そういう話を噂で知ったに過ぎないが八尋が昨年の祭で正し子に選ばれた鳳朔夜に近付くことも至極当然といえた。狼目当てでない、というなら似鳥の目的は別なところにあるのだろう。
「オオカミ様」
「え?」
「みんな口を揃えて言う。村には狼じゃなくって、オオカミ様がいるんだって。上狼塚って家にいるらしいから気になってるんだ」
「オオカミ様が、知りたいの?」
似鳥は何処までこの村のことを調べ、知ってしまったんだろう。
修が満晃の右肩を掴むと「もうやめようよ」と叫んだ。
「君も何か知ってる? 馬宮修くん」
「いや、僕は……僕はなにもしらないよ……」
弱々しく修は言葉を濁した。しかし似鳥八尋の視線は亀裂が入りそうなほど鋭く厳しいものだった。

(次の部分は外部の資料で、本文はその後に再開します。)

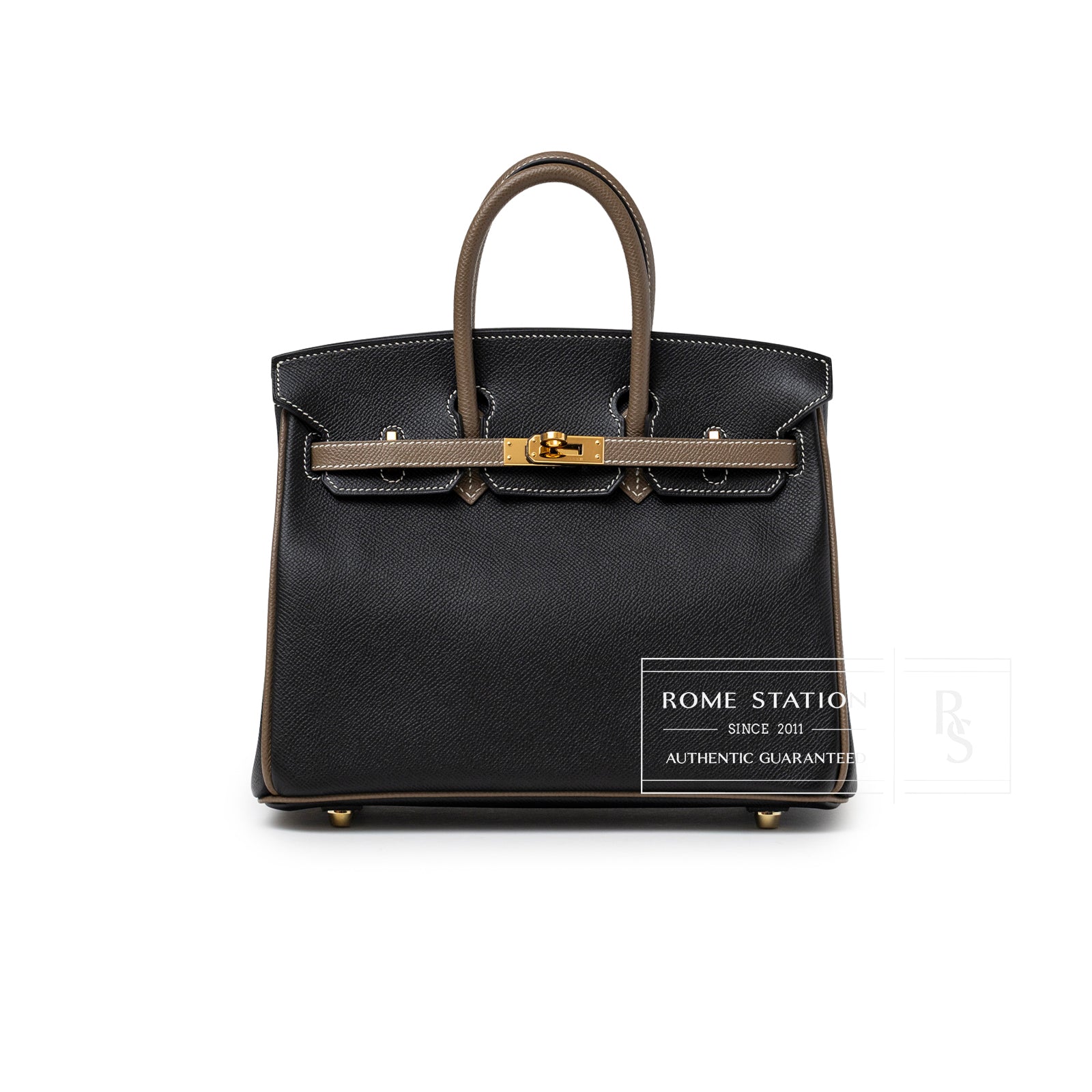 Front view of Hermès Special Order HSS Horseshoe Birkin 25 Black/Etoupe Epsom Gold Hardware handbag
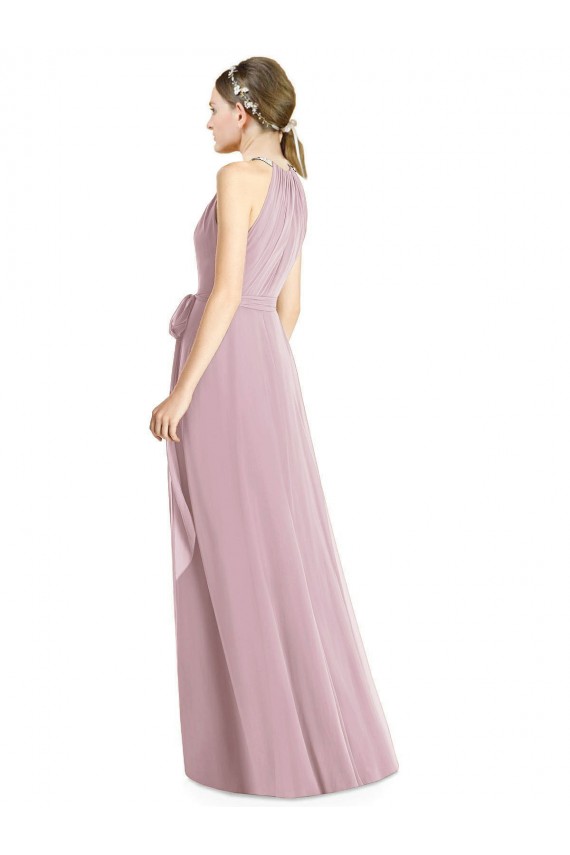 Soft Chiffon Halter Neck Sleeveless Primrose Long Bridesmaid Dress Essex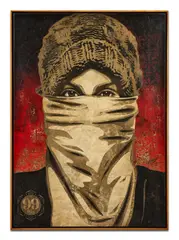 Occupy Protestor by Shepard Fairey, 2013, Matrice de pochoir, peinture aérosol et collages de sérigraphies sur toile, sold Nov 2025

「さっき聞こえたんだ。馬宮くんがオオカミ様!って大きな声で言っていたね」
「ひっ……あ、う」
「知っているね、馬宮くん。オオカミ様の呪い? だったっけ、そうとも言っていた」
「そんなこと」
修は必死に声を振り絞り抵抗を試みた。けれども一度足りとも彼の耳に入ってしまった言葉は取り消せなかった。
「似鳥には関係のないことだ」
「み、満晃……! あっ」
世界が終わったような静けさが辺りを包み込み、永遠に明けない夜がすぐそこまで来ている。忸怩たる思いをそのままに修は打ち震えた。
「うそつきなヤツなんだな、お前」
「朔夜に手を出すな」
「なんでだよ? 朔夜は……そっちの馬宮みたいに口が軽いの?」
「そんなじゃない」
危険なんだ。今の朔夜はとても。片割れの満晃でも止められないくらい。
「危険なんだ」
「キケン? どうして」
「それは」
修の言った、オオカミ様の呪いという言葉が脳裏を掠めた。
オオカミ様は悪く無い。
オオカミ様はこんな事をしないし、でも朔夜がおかしくなったことは呪いのせいにでもしないと説明できないくらい不可解なことだった。
上狼塚は村社会のヒエラルキー上位に君臨するがそれもあくまで、この村限定だ。そんな粗末なものに魅入られてしまった彼への失望。それに似た感情が満晃の心を巣食う。
「ああ、そっか」
似鳥はまた意地の悪い笑い方をした。他人なのに彼のほうがよほど朔夜に似ている。
「これがオオカミ様の呪いなんだな」
その言葉を聞くやいなや満晃はその場を飛び出した。風に紛れて後ろから修の声が聞こえた。そんなことはお構いなしに能動的に、本能的に走った。
坂を越え、農道を越え、神社の境内を越え、そしていつもの朽木の前にやってきていた。
もう夜だ。
寒い寒い夜に被さる星の粉が散りばめられた空が少年の心を余計に虚しくさせていった。